By Marilyn de Villiers
Johannesburg, 09 May 2018

Apple has open-sourced FoundationDB, in the hopes that it will become the "foundation of the next generation of distributed databases".

FoundationDB is a distributed database that's specifically designed to cope with large volumes of structured data across different clusters of servers. It's what Apple uses to sync and store data for iCloud.

Now, individuals and companies can use it for their backend systems, to help speed up projects and make them less expensive to maintain.

This move, which was announced last month, is part of a concerted open source campaign by Apple that began in December 2015, when it made its Swift programming language open source under the Apache license. This enabled Swift to expand beyond iOS and Mac OS X by giving developers the freedom to use the language on a variety of different platforms, including Windows.

A few months later, in February 2016, Apple released its Benchmarking code suite as open source, to help developers to create faster, more efficient code.

Other significant open source projects released by Apple include the Darwin operating system, on which macOS and iOS are based, the XNU Kernel and WebKit.

And now it's FoundationDB's turn.

Development in the open

Apple acquired FoundationDB shortly after the company's cloud services suffered the worst outage in its history, with users across the globe unable to access the App Store, iBooks, iCloud and iTunes for more than eight hours. The company blamed the outage on a DNS error.

The acquisition of FoundationDB to help with its increasingly complex cloud services was criticised by some for taking what had been regarded as a useful tool off the market, leaving companies that had been using the software for several years (FoundationDB was developed in 2009) without support.

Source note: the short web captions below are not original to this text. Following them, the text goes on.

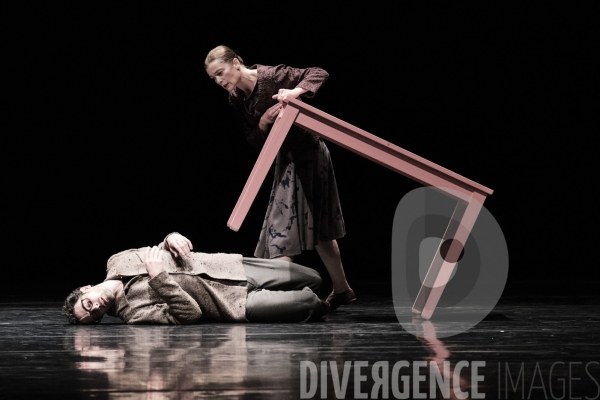 Another Place / Mats Ek / Ballet de l Opéra national de Paris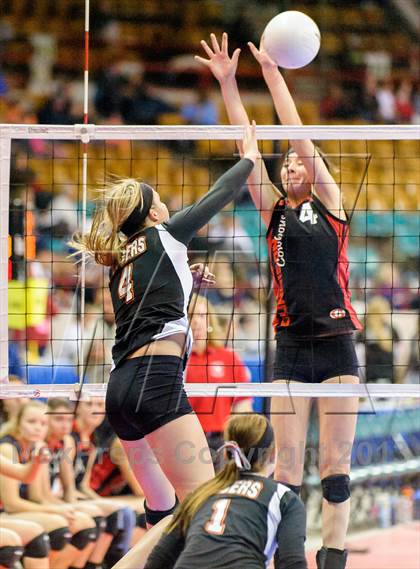 Thumbnail 3 in Gunnison vs. Sterling (CHSAA 3A Pool III) photogallery.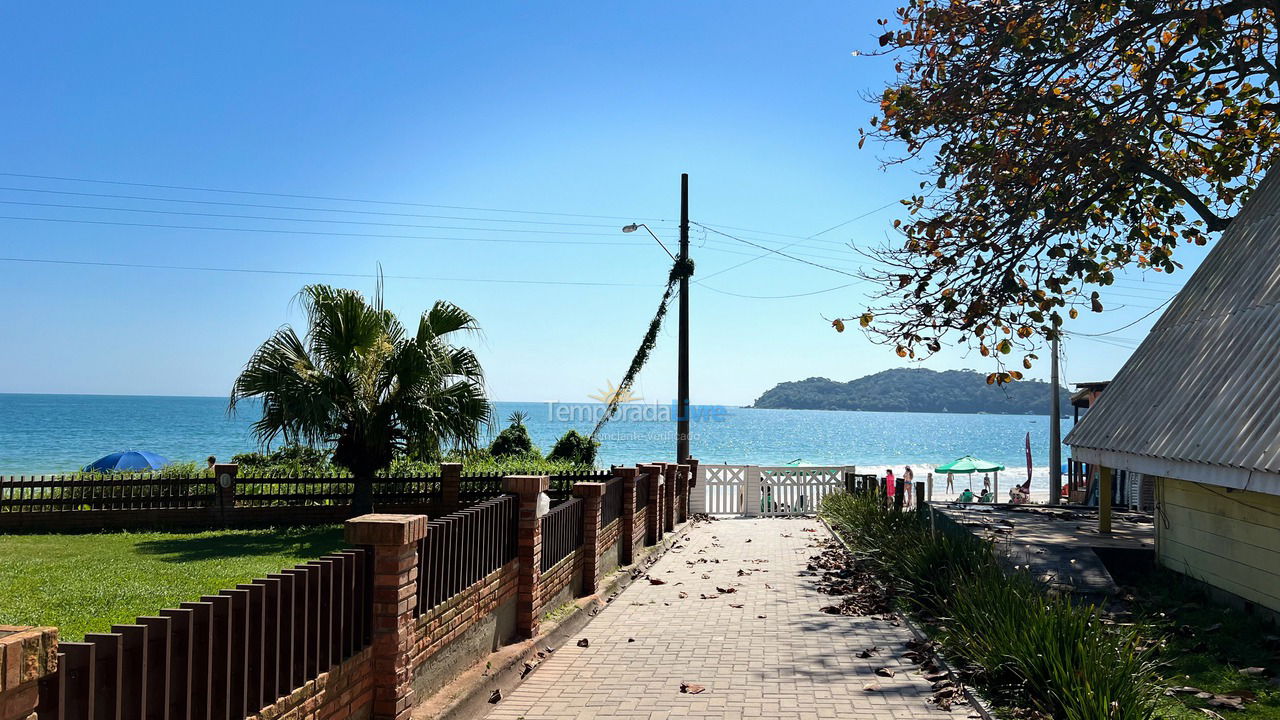 Apartamento para aluguel de temporada em Bombinhas (Centro de Bombinhas)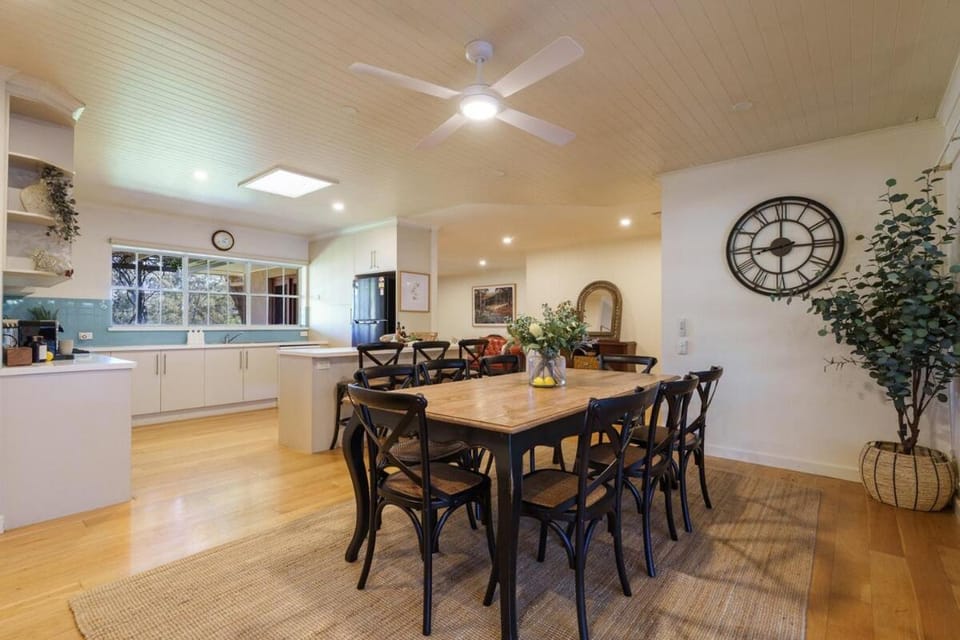 Peaceful 4-Bedroom Vineyard Retreat in Hahndorf House in Hahndorf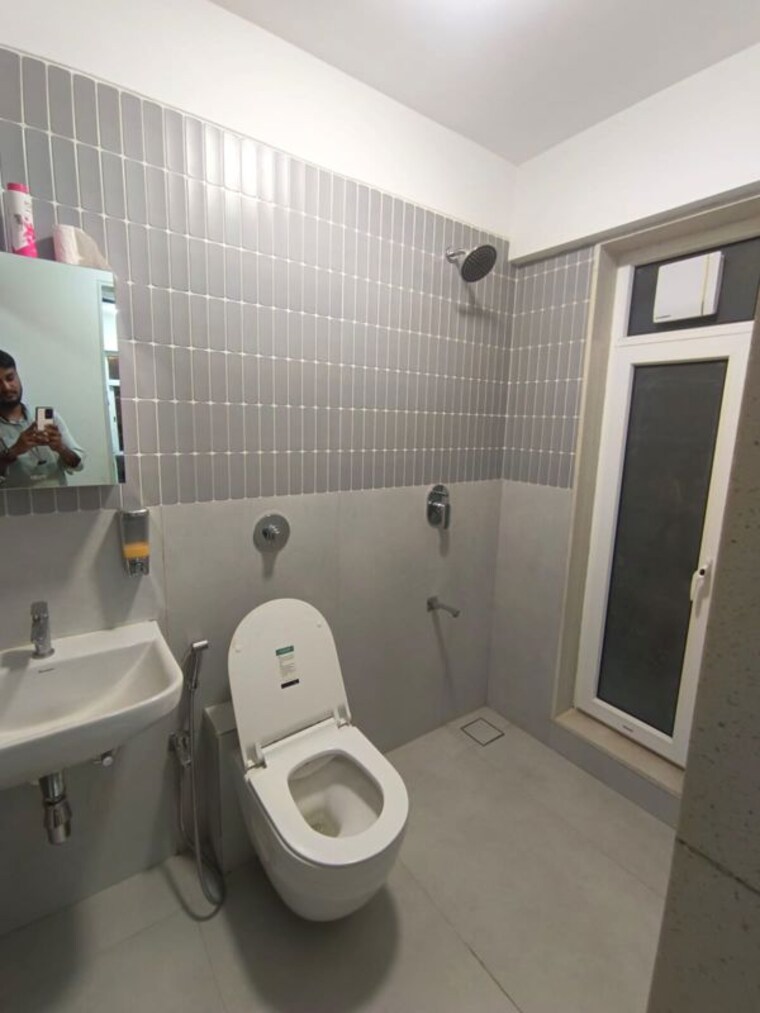 Bathroom, mahavir-arham-mourya 2 Bedroom 730 Sq.Ft. Apartment In Chembur Mumbai 10310567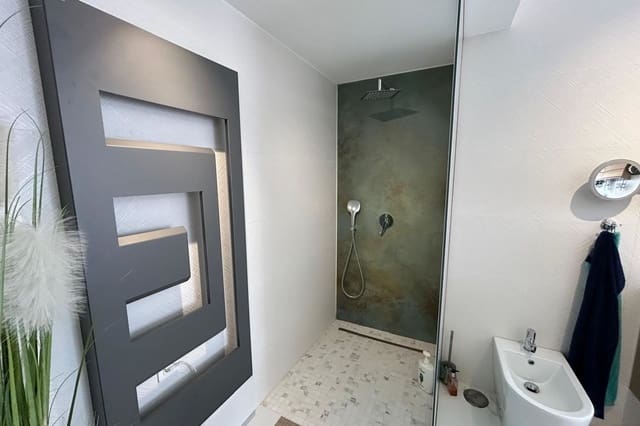 Apartamento de 3 habitaciones en El Molino, Torrevieja en venta - 350.000 € (Ref: 9453628)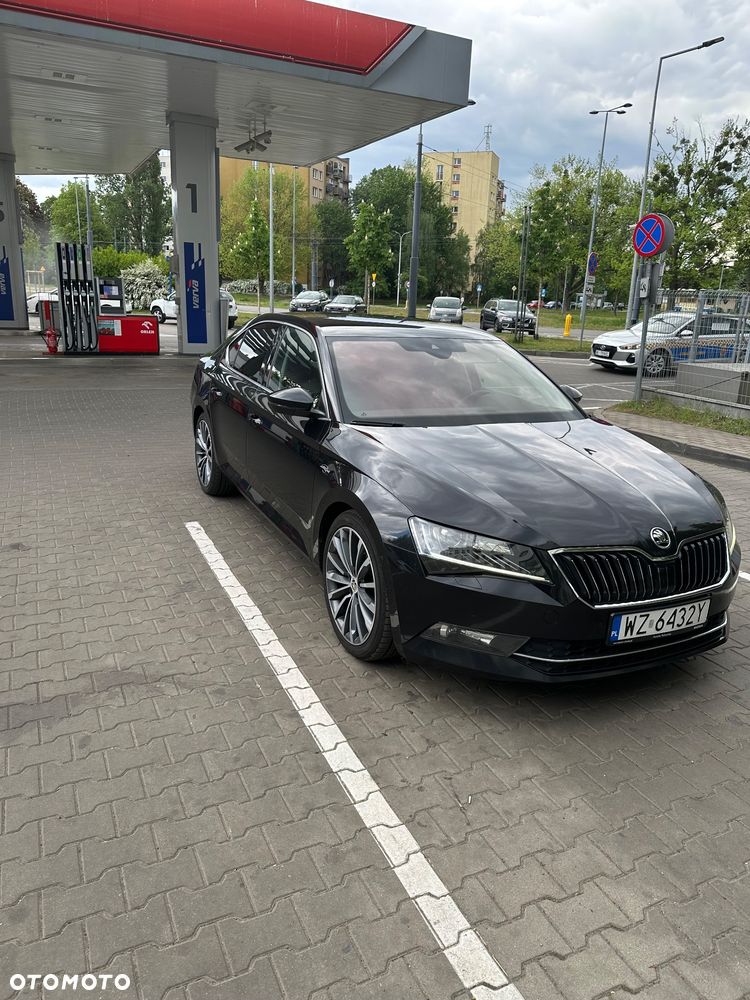 Skoda Superb 2.0 TDI SCR 4x4 Sportline DSG - 1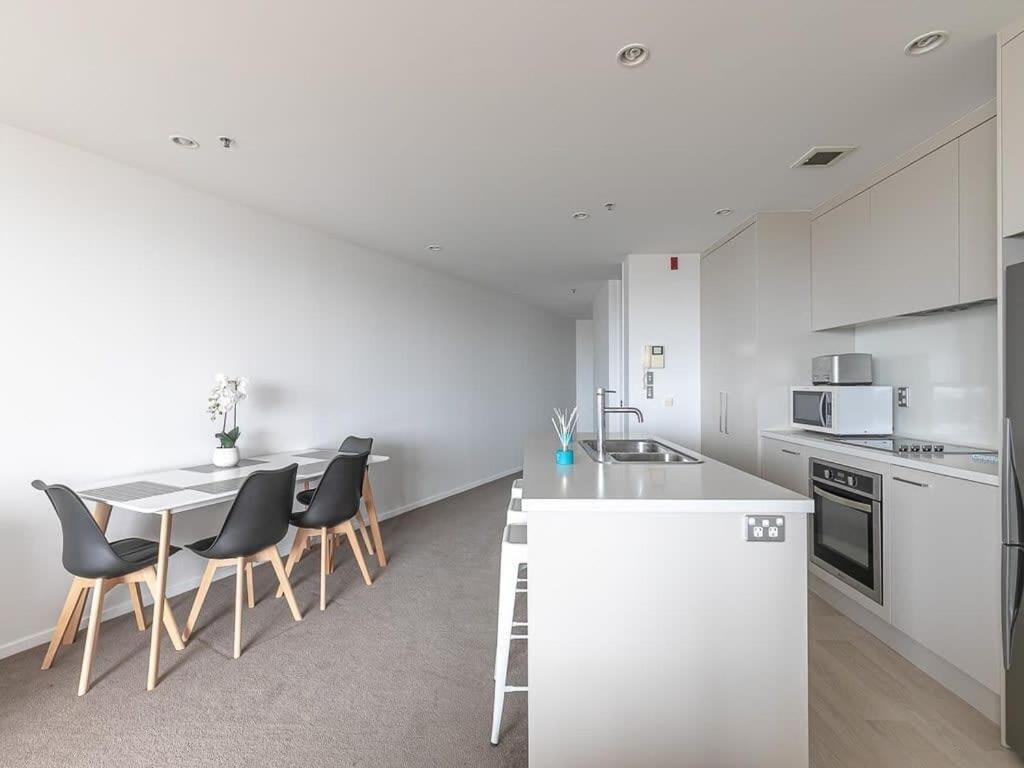 Beautiful Sky Tower View Home Near K' Road W/ Free Parking Auckland Luaran gambar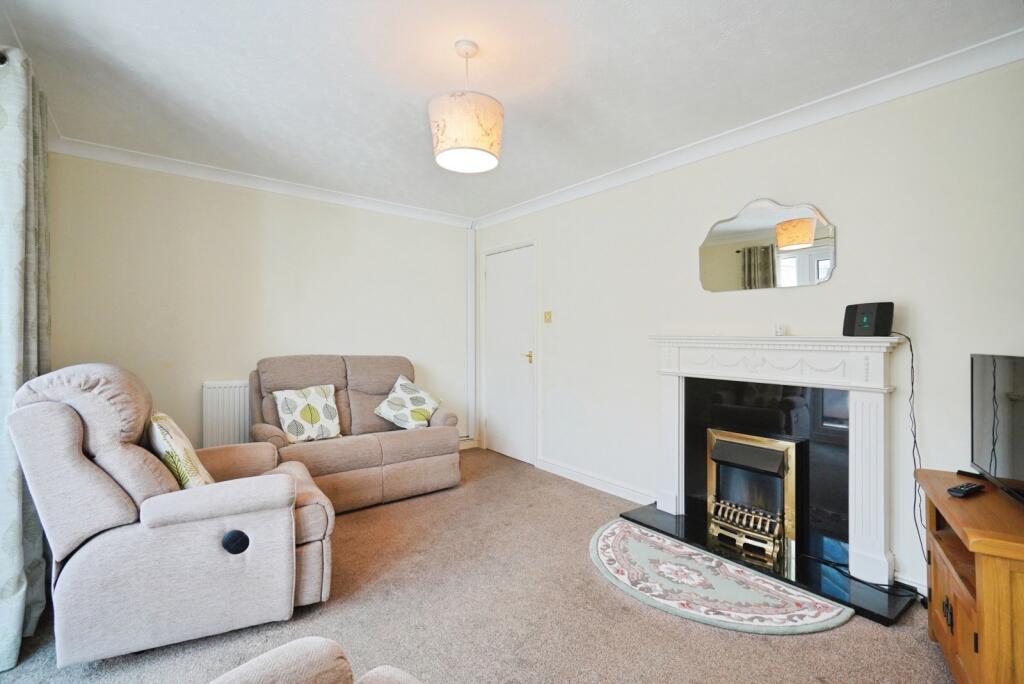 House in Leicester - More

Now, a post on the newly established FoundationDB blog explained Apple's reasons for releasing FoundationDB under the Apache 2.0 license as an attempt to build an open community.

"All major development will be done in the open. We've outlined a design document process to ensure that this work is done transparently and with community input. We've taken early steps to outline project governance to provide a basic structure that will enable members of the community who actively contribute to have a greater voice in the project decision-making."

Acknowledging that FoundationDB is already a well-established distributed database that supports fully global, cross-row ACID transactions, the highest level of data consistency possible, FoundationDB hopes to drive it forward as a community project.

The vision of FoundationDB is to start with a simple, powerful core and extend it through the addition of "layers", with the core focused on incorporating only features that aren't possible to write in layers. Layers, however, extend the core by adding features to model specific types of data and handle their access patterns.

"By open sourcing the FoundationDB core, we expect the quantity and variety of layers to develop rapidly," Apple explained.

In terms of what this means for users, FoundationDB will make application code simpler, data models more efficient, and failure modes less surprising.